7. In Section 20 of Act II of 1901 it is enacted:-
(2.) The interest of an ex-proprietary tenant, an occupancy tenant, or a non-occupancy tenant other than a 'thekadar' is, subject to the provisions of this Act, heritable, but is not transferable in execution of a decree of a Civil or Revenue Court, or otherwise than by voluntary transfer between persons in favour of whom, as co-sharers in the tenancy, such right originally arose, or who have become by succession co-sharers therein.
8. In Section 83 of Act II of 1901 it is, amongst other things, enacted:-
(1.) A tenant, not bound by a lease or other agreement for a fixed period) may, at the end of any agricultural year, surrender his holding; but he shall not be entitled to surrender a portion only of his holding.
(3.) Nothing in this section shall affect any arrangement by which, a tenant and his land-holder may agree to the surrender of the whole or any portion of a holding.
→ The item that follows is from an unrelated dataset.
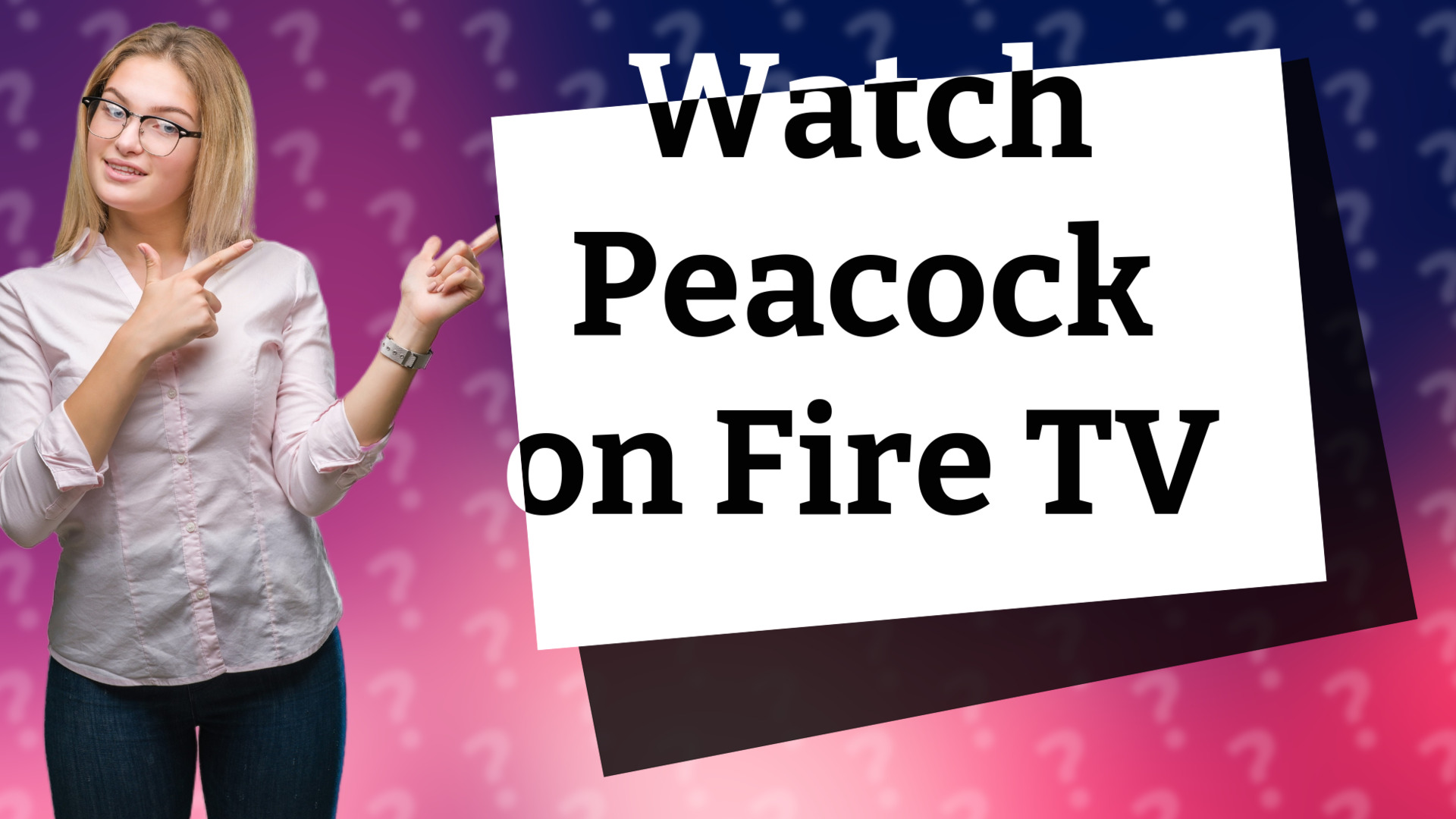 Watch Peacock on Fire TV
9. The Subordinate Judge apparently considered that Clause (3) of Section 83 had some bearing upon the facts of the case. Their Lordships cannot regard the agreement for relinquish-ment by the defendants in the sale deed of the 2nd May, 1903 and the execution by the defendants of the deed of relinquishment of the 5th May, 1903, as separate and distinct transactions. The execution of the deed of relinquishment on the 5th May, 1903, was merely a step taken towards giving effect to the agreement for relinquishment which was contained in the sale deed of the 2nd May, 1903 and was not an arrangement between a tenant and his landlord. The relation of landlord and tenant did not exist between the plaintiffs and the defendants at the time when the sale deed of the 2nd May,. 1903, was executed.
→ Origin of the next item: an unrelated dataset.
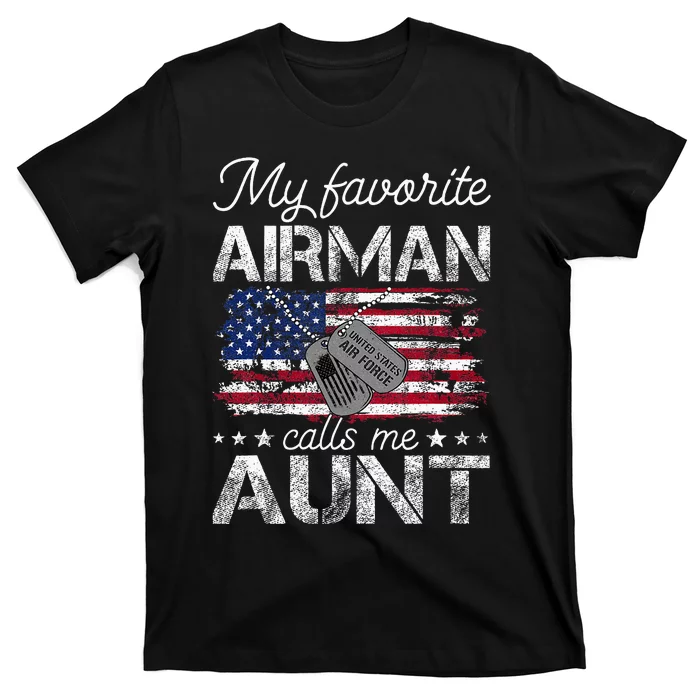 My Favorite Airman Calls Me Aunt Proud T-Shirt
10. It appears to their Lordships that it cannot be doubted that the policy of Act II of 1901 is to secure and preserve to a proprietor whose proprietary rights in a Mahal or in any portion of it are transferred otherwise than by gift or by exchange between co-sharers in the Mahal a right of occupancy in his ' sir ' lands and in the land which he has cultivated continuously for twelve years at the date of the transfer and that such right of occupancy is by the Act secured and preserved to the proprietor, who becomes by a transfer the ex-proprietor, whether he wishes it to be secured and preserved to him or not and notwithstanding any agreement to the contrary between him and the transferee. The policy of the Act is not to be defeated by any ingenious devices, arrangements, or agreements between a vendor and a vendee for the relinquishment by the vendor of his ' sir ' land or land which he has cultivated continuously for twelve years at the date of the transfer; for a reduction of purchase money on the vendor's failing or refusing to relinquish such lands; or for the vendor being liable to a suit for breach of contract on his failing or refusing to relinquish such lands. All such devices, arrangements and agreements are in contravention of the policy of the Act and are contrary to law and are illegal and void and cannot be enforced by the vendee in any civil Court or in any Court of Revenue.
11. Their Lordships will humbly advise His Majesty that this appeal should be dismissed with costs.